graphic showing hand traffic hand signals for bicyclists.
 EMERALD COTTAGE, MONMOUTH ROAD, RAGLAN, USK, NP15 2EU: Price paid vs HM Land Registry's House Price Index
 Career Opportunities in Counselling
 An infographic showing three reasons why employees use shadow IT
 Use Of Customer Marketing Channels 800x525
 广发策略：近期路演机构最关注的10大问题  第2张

● ● ● ● ●

### Task prompt
Repeat each entry exactly as it was given.

### Written response
graphic showing hand traffic hand signals for bicyclists.
 EMERALD COTTAGE, MONMOUTH ROAD, RAGLAN, USK, NP15 2EU: Price paid vs HM Land Registry's House Price Index
 Career Opportunities in Counselling
 An infographic showing three reasons why employees use shadow IT
 Use Of Customer Marketing Channels 800x525
 广发策略：近期路演机构最关注的10大问题  第2张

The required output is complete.